Sometimes we forget that humans are not alone on this planet. We share it with hundreds of millions of other plants and animals, each of them created by God. Scripture speaks often of God’s love for creation. The Psalms remind us that God “know[s] every bird in the heights” (Psalm 50: 11) and that God “is good to all, compassionate toward all [God’s] works” (Psalm 145: 9).
God wants to be close to all creation, and as made clear by the covenant with Noah, God wants humans to be close to all creation too. In today's Gospel, we see Jesus doing just that: “The Spirit drove Jesus out into the desert, and he remained in the desert for forty days, tempted by Satan.

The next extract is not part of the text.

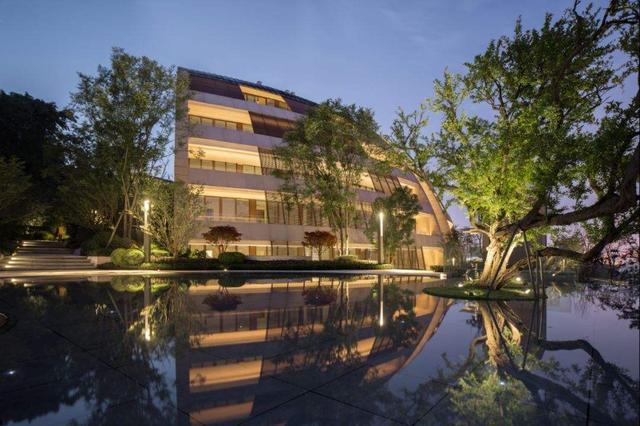 重庆的富人都在哪里买别墅,重庆的富人一般住在什么地方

He was among wild beasts, and the angels ministered to him” (Mark 1: 13). As Jesus begins preparing for his Earthly ministry, the Gospel tells us that he wasn’t alone. God’s creatures accompanied him. Even as Jesus was being tempted by the Devil, God’s creatures stayed by his side.
Extractives industries take a huge toll on creation’s wellbeing, leading to contamination and hurting ecosystems and the creatures that live there. As one example, the BP oil spill of 2010, and the chemicals used in the cleanup process, caused severe animal mutation. Scientists and fishermen (who depend on their catch for their livelihood) discovered shrimp born without eyes or eye sockets, fish with lesions and oozing sores, and crabs born without claws. Those chemicals also killed marine plant-life and accelerated beach erosion.

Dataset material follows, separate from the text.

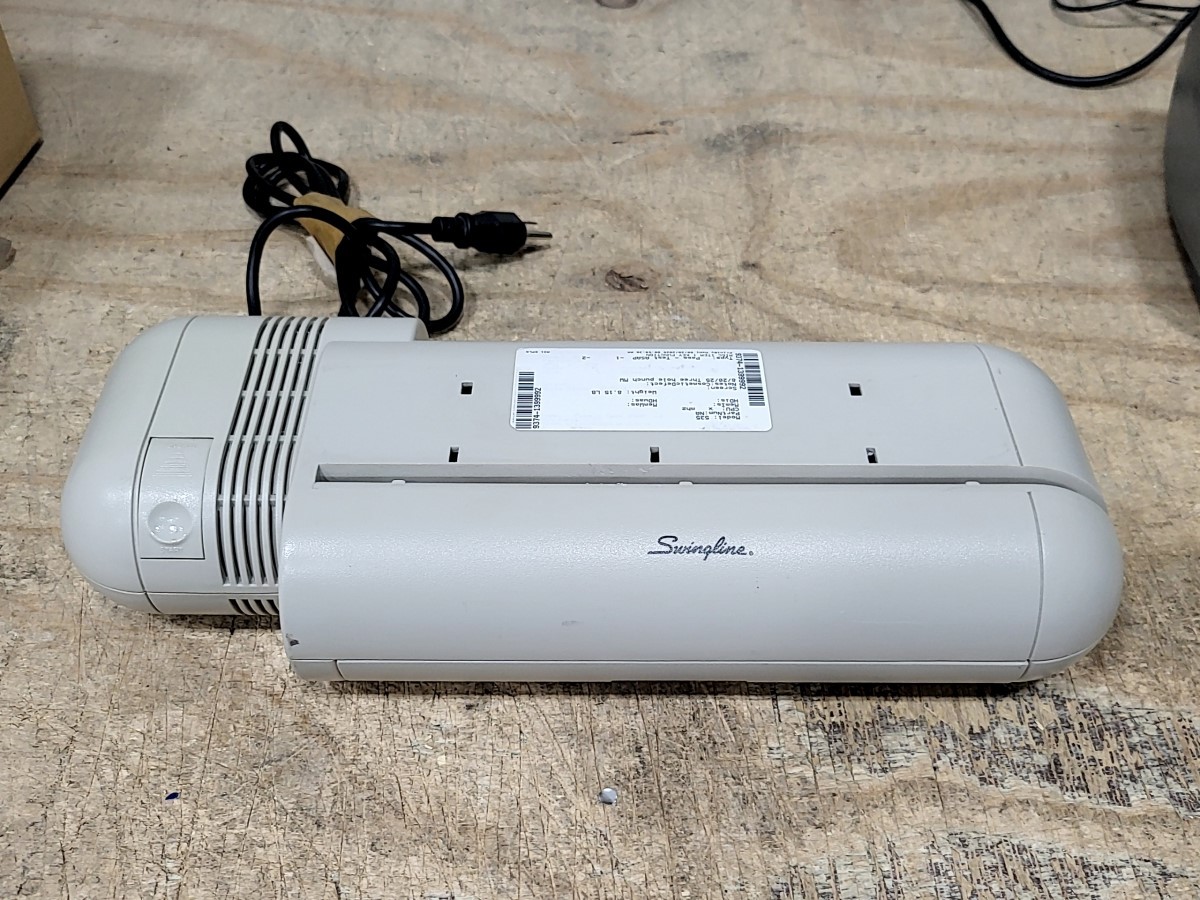 SWINGLINE 535 Electric Three Hole Punch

The Catechism teaches us that “each creature possesses its own particular goodness and perfection. Each of the various creatures, willed in its own being, reflects in its own ways a ray of God’s infinite wisdom and goodness. [Humankind] must therefore respect the particular goodness of every creature, to avoid any disordered use of things.”
Like Jesus in the desert, St. Francis of Assisi understood that he was related to all creatures. His “response to the world around him was so much more than intellectual appreciation or economic calculus, for to him each and every creature was a sister united to him by bonds of affection.”

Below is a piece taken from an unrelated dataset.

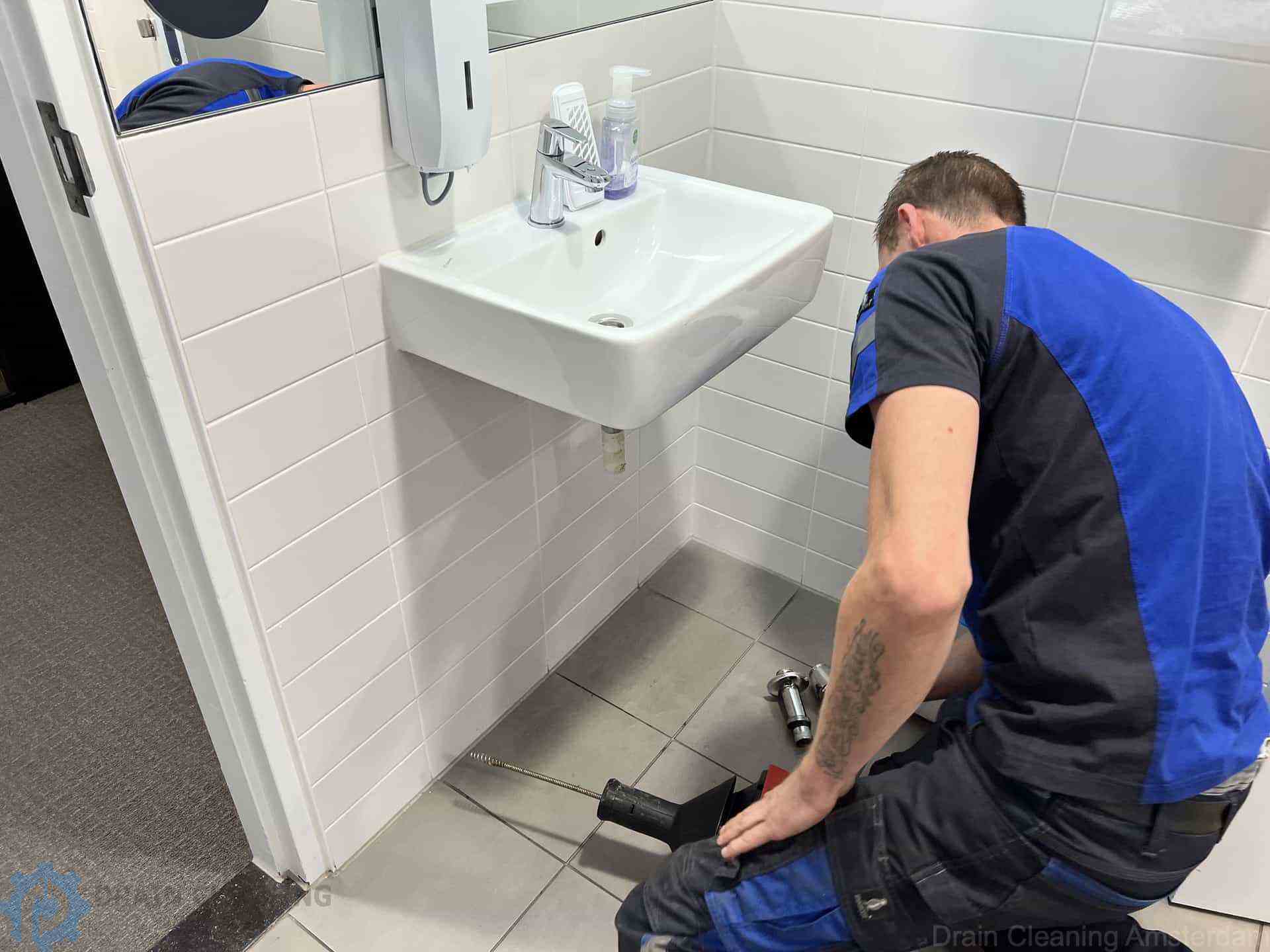 Unclogging sink Amsterdam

As we reflect on today's readings and our own lives, how might we better honor the covenant made between God, humans, and the whole of creation?
Each Monday during Lent, the Columban Center will feature the weekly reflections written by the Inter-religious Working Group on Extractive Industries for their 2018 Lenten Creation Care Calendar. This calendar is an invitation to use the season of Lent to grow closer to creation and to stand in solidarity with the vulnerable communities impacted by extractive industries.
The Inter-religious Working Group on Extractive Industries is a Washington, DC based coalition of faith, human rights, and environmental organizations concerned about the negative impacts of extractive industries on creation, which includes both the human and natural world. Columban communities around the world, from the Philippines to Myanmar in Asia to Chile and Peru in the Americas, are impacted by the damaging consequences of extractive industries.